In a clip from 11 September 2001, Culbertson can be heard telling Mission Control: “We can see New York City and the smoke from the fires. Our prayers and thoughts go out to all the people there and everywhere else. Here I’m looking up and down the east coast to see if I can see anything else,” he said. “I just want the folks in New York to know that their city still looks very beautiful from space.”
Nasa arranged for him to speak to his wife that evening. But the next day he was given the news that the captain of the American Airlines flight which crashed into the Pentagon was his friend Charles “Chic” Burlingame, a former colleague in the drum and bugle corps. Culbertson filmed himself in space as he took out his bugle “to remember our classmate Chic Burlingame” and played Taps, the American equivalent of the Last Post.
The same documentary includes Nasa archive footage of astronaut Luca Parmitano coming closing to drowning from water that builds up inside his space helmet as he carries out a space walk outside the craft in July last year. Parmitano is filmed as he tries to feel his way back to the safety of an airlock in total darkness with water – from a leak in his drink supply - covering his eyes and nose.
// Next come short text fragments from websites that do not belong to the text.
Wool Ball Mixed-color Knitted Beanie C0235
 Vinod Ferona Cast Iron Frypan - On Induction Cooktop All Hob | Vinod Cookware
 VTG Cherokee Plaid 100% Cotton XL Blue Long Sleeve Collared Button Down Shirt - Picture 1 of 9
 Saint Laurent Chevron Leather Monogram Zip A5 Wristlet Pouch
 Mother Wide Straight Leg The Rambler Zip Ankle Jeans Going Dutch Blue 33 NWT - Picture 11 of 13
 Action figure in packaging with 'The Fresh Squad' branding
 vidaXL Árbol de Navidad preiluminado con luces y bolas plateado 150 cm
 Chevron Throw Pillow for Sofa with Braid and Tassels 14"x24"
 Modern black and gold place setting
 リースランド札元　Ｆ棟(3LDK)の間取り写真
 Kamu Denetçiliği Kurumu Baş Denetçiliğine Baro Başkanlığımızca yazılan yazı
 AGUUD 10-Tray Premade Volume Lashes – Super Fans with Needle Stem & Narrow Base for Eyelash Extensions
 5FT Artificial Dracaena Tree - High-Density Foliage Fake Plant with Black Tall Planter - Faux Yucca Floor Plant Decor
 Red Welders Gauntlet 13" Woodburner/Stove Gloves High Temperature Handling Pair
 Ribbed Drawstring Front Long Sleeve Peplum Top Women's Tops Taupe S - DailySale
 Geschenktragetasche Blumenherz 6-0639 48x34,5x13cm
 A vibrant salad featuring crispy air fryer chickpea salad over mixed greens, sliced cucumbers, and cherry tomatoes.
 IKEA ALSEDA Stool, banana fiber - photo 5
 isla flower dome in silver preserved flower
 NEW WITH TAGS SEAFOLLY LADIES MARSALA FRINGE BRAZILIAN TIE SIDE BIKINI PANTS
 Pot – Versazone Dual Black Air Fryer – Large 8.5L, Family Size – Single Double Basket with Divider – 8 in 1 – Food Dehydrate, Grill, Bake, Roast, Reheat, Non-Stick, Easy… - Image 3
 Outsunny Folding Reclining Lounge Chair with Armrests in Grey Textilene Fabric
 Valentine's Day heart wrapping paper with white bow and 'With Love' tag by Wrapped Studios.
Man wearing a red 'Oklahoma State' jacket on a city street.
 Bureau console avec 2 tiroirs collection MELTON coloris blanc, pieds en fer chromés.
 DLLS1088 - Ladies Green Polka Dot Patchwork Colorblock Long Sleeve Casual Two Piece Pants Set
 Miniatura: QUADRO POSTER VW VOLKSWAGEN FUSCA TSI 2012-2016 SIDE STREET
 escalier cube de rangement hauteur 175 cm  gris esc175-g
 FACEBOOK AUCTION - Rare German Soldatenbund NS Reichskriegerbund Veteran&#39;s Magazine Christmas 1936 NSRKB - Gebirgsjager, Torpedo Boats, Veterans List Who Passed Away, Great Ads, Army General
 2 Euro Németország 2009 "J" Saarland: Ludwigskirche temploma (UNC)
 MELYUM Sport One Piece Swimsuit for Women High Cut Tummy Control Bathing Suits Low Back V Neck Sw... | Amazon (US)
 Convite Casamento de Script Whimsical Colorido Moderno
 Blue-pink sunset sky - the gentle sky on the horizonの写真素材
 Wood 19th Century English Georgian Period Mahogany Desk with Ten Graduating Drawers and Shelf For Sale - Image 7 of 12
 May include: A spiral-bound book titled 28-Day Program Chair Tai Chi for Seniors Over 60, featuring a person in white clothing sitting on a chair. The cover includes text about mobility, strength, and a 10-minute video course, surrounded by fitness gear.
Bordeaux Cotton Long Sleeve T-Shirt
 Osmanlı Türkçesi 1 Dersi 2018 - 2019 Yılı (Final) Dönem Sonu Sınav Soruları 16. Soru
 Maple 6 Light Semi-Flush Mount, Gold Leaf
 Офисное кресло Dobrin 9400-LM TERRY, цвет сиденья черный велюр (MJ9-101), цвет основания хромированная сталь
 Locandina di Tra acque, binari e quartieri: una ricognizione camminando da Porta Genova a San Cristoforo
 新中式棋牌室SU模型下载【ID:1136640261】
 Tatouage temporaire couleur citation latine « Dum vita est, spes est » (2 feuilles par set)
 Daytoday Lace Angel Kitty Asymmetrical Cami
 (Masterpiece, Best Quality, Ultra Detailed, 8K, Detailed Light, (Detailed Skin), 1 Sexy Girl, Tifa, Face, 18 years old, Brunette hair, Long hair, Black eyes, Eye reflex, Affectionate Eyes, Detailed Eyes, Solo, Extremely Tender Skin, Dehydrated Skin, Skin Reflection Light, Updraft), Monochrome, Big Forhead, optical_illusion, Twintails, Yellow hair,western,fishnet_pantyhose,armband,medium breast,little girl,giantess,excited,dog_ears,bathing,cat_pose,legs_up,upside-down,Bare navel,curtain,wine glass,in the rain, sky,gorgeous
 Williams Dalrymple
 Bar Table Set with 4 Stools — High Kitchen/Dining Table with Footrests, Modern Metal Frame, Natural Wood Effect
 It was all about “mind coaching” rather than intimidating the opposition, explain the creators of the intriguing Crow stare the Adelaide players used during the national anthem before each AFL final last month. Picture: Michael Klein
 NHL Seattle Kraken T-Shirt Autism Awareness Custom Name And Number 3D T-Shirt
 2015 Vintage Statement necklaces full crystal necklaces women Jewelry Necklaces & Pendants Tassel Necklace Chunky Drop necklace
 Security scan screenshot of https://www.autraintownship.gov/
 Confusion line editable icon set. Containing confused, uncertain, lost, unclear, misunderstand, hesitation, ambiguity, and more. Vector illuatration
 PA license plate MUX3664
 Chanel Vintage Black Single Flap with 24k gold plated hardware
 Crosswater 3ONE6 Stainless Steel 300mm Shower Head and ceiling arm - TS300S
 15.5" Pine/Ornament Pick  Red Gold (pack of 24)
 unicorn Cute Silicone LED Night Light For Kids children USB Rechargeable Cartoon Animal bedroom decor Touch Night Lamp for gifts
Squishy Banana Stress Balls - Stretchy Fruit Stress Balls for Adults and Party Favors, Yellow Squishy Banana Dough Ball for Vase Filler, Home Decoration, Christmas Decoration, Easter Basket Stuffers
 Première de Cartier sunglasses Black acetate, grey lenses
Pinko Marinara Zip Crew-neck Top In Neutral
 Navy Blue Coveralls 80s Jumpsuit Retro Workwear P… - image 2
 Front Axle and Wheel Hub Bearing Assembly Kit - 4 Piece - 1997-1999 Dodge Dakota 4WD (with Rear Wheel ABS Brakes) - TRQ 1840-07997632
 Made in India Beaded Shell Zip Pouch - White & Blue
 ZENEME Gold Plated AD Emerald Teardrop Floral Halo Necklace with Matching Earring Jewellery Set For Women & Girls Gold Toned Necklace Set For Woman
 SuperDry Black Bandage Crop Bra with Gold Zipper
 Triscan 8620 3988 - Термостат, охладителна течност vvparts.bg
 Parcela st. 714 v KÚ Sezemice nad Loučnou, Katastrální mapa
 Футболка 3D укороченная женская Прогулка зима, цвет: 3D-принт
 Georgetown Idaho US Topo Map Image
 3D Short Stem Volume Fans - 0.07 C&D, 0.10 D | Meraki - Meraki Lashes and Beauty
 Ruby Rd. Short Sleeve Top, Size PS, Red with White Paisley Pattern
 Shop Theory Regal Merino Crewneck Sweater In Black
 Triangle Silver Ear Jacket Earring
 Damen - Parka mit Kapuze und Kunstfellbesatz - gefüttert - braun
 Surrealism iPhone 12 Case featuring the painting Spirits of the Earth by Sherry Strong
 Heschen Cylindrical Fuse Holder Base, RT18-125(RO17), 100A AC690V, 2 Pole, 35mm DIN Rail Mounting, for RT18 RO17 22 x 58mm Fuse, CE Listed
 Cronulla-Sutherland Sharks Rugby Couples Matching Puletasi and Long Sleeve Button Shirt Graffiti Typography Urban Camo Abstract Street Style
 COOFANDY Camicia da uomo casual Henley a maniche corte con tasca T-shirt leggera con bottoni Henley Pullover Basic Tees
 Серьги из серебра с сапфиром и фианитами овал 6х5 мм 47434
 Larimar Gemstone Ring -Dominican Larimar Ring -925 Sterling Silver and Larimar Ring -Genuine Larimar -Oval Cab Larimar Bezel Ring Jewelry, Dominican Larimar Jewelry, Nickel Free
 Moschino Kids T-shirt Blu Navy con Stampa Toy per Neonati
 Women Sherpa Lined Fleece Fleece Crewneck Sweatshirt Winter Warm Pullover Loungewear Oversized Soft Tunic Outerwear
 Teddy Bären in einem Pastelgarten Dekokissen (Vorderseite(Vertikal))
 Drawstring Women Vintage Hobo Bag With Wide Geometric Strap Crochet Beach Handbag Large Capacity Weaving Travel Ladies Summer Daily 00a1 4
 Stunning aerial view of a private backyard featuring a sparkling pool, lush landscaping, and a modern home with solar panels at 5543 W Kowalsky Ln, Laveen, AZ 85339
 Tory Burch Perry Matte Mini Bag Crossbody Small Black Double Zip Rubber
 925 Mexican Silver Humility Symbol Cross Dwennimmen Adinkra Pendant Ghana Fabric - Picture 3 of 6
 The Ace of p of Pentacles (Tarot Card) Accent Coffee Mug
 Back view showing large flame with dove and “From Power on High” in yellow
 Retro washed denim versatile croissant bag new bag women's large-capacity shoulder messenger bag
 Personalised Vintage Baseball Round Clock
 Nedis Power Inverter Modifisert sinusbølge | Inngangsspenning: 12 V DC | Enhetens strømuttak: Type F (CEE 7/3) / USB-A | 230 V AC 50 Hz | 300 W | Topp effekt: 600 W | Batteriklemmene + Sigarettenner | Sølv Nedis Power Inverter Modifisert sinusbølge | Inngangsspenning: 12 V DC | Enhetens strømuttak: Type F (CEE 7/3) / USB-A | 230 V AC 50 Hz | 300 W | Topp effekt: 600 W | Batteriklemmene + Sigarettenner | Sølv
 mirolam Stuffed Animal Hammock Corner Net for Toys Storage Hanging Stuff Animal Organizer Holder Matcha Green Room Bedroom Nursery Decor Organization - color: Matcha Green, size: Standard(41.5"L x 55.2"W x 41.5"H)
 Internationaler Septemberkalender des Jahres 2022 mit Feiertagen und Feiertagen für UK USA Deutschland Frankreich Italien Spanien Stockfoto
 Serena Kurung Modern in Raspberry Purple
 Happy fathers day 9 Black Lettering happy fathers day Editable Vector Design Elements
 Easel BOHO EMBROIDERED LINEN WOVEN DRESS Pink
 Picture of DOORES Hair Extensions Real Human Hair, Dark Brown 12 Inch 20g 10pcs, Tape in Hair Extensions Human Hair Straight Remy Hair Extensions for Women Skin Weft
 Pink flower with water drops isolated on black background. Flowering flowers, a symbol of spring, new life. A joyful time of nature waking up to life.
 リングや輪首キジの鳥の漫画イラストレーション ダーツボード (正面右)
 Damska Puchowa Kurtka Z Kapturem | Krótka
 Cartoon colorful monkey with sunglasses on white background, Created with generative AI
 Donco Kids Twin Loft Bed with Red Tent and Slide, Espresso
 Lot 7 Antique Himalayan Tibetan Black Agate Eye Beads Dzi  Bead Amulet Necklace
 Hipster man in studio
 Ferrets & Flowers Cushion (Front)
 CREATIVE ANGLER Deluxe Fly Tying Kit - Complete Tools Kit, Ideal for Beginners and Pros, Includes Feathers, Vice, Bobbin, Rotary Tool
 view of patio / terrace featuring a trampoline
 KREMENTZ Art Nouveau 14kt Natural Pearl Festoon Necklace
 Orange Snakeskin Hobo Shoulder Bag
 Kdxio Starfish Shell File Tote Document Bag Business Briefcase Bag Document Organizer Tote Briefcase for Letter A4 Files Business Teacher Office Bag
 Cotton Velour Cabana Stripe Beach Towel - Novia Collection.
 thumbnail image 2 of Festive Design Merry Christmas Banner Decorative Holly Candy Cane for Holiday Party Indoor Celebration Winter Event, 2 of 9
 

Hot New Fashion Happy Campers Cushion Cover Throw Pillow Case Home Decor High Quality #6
Tom Brisley of Arrow Media admitted his surprise that Nasa had been so positive about his “crazy idea” to make a live show from the space station. “I was expecting them to say it will never happen in a million years, [but] they engaged in the dialogue,” he said. “We met with the astronauts and the astronauts were saying we are really tired of being seen as these corporate people who sit there in space and do these interviews. What we want to show is what it’s really all about.”
The live show, which will be broadcast on Sunday 16 March and is being hosted by Dermot O’Leary, will follow astronauts Rick Mastracchio and Koichi Wakata as the space station goes around the Earth.